Now here's the problem: suppose I want to use more than one of these devices in my network. An example of two suffices to illustrate the problem. Obviously there's an immediate IP conflict. I could run two instances of the software, but there's no way to disambiguate which instance of the software should associate to which device.

I think what might work is to use a layer 3 capable device to essentially do network address translation, but I don't need to NAT an entire LAN, like most commodity routers seem designed to do. What I'd really like to do is apply static NAT on a per-port basis. I'd like to tell the router(?), "you see this device plugged into port 2, that thinks it's 10.1.1.1? Make it look like 192.168.1.2, and this other one plugged into port 3, that also thinks it's 10.1.1.1 - make that one look like 192.168.1.3" .. and so on. (assuming of course that the rest of my LAN is 192.168.1/24)

I've worked with a 'switch' that does VLANs and routing domains, but didn't appear to have the capability to translate addresses between the VLANs.

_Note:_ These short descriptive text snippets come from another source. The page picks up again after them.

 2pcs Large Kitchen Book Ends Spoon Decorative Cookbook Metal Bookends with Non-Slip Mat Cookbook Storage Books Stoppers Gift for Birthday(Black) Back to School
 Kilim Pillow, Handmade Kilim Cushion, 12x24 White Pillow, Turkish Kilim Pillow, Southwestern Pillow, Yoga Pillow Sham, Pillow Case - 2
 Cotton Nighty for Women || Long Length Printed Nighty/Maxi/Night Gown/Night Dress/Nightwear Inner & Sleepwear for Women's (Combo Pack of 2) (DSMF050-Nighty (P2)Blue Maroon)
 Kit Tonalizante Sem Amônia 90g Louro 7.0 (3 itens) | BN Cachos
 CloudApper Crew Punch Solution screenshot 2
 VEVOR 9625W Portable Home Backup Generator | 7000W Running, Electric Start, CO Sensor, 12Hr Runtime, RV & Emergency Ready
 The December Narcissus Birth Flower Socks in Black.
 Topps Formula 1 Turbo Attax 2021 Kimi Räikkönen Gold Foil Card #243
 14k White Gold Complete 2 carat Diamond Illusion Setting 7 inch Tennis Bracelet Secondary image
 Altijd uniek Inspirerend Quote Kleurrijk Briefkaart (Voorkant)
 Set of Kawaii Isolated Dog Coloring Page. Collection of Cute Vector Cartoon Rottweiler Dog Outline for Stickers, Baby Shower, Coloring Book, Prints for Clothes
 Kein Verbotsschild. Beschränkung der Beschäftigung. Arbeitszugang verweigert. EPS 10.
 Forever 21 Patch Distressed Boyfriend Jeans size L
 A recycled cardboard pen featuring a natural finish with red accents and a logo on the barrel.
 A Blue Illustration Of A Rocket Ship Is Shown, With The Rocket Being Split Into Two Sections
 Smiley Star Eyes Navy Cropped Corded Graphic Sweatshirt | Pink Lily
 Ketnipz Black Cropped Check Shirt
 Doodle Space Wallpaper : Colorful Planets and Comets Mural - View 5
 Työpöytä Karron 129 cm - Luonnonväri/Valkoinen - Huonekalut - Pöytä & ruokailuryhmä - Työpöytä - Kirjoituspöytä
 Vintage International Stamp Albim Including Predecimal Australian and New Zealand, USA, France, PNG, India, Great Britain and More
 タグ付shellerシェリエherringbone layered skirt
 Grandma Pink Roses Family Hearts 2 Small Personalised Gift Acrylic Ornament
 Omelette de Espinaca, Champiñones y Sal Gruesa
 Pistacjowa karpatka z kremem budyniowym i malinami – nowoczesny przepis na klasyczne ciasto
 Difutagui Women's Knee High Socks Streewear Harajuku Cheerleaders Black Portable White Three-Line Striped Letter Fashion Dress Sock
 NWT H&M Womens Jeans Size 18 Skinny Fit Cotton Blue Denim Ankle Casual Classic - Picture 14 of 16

Space and cost constraints preclude dedicating an entire NAT-capable router to each device.

So is this kind of thing possible? If so, what kind of device does one need to get it? Heck, maybe the switch I'm working with can do it, I just don't know exactly what to look for and didn't recognize it! But if it's simply not done, I'd alternately like to know why not, to figure out where the flaw in my thinking would be. Doesn't seem impossible, though.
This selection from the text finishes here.